Work task — Return the whole listing unchanged. Drop the images.

Listed entries —
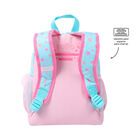Mochila Dancing Rabbit S Mariposa image number 3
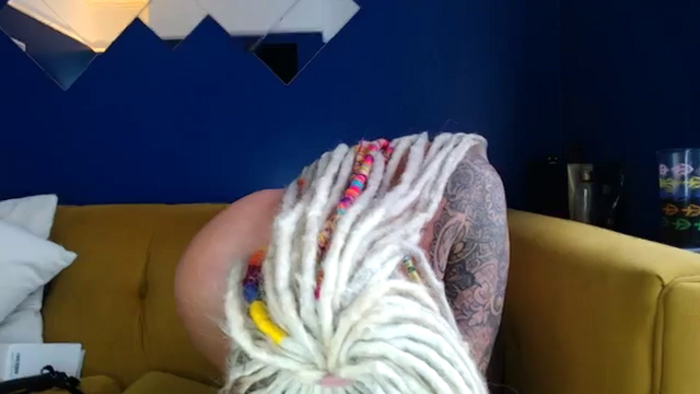 pixieDread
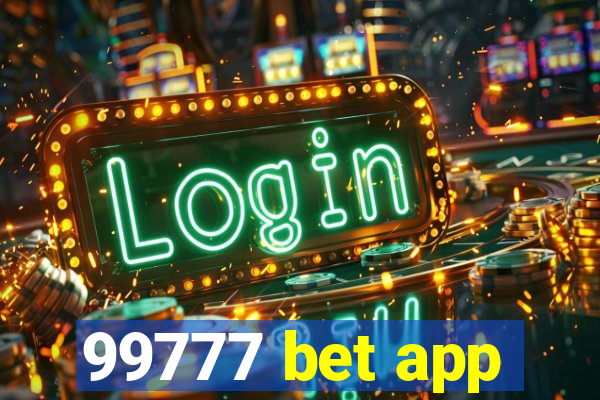 99777 bet app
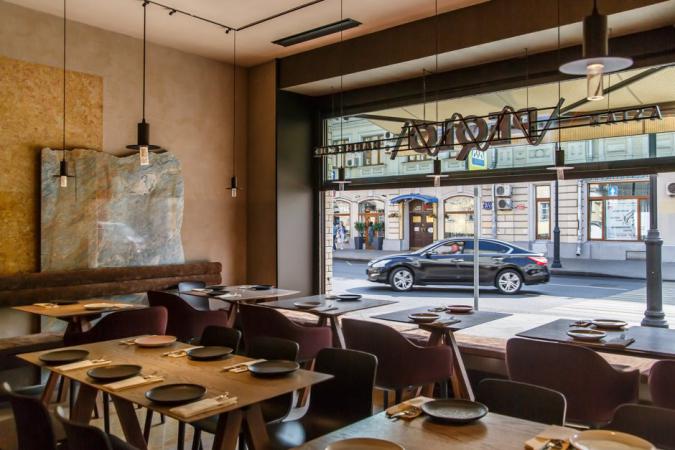 restaurant_peqlo_asian_barbeque_photo3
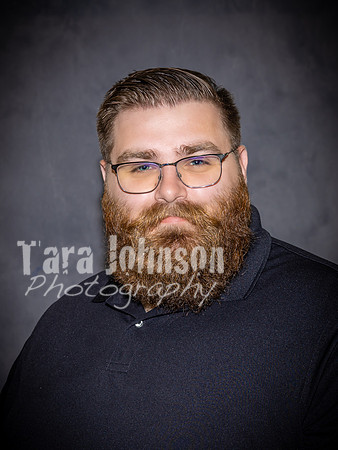 2023 DSI - Headshots - TJP (69 of 89)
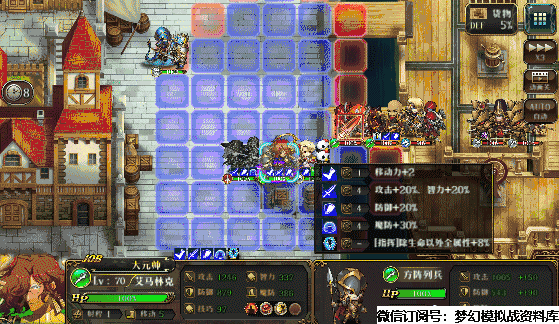 图片 10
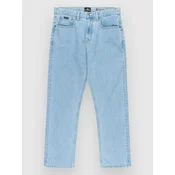 Quiksilver Aqua Cult Jeans indigo light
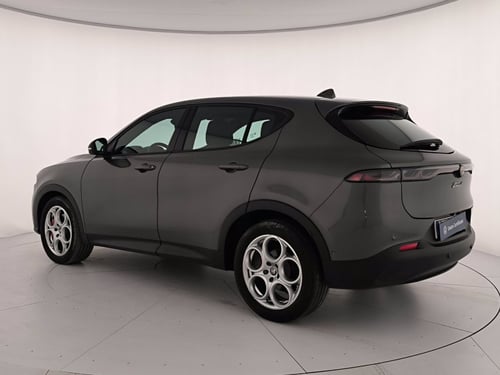 ALFA ROMEO Tonale 1.6 sprint 130cv tct6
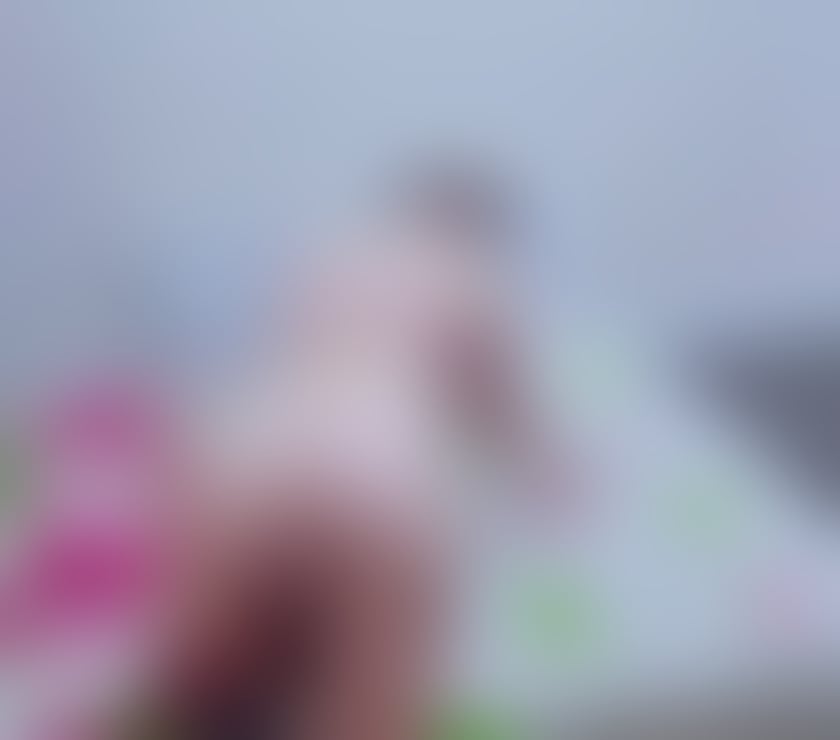 Escorts Wallsend North Tyneside - Photos for Hii my neim ys mihaela yam 24 yars independent07729675613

Solution to this exercise —
Mochila Dancing Rabbit S Mariposa image number 3
 pixieDread
 99777 bet app
 restaurant_peqlo_asian_barbeque_photo3
 2023 DSI - Headshots - TJP (69 of 89)
 图片 10
 Quiksilver Aqua Cult Jeans indigo light
 ALFA ROMEO Tonale 1.6 sprint 130cv tct6
 Escorts Wallsend North Tyneside - Photos for Hii my neim ys mihaela yam 24 yars independent07729675613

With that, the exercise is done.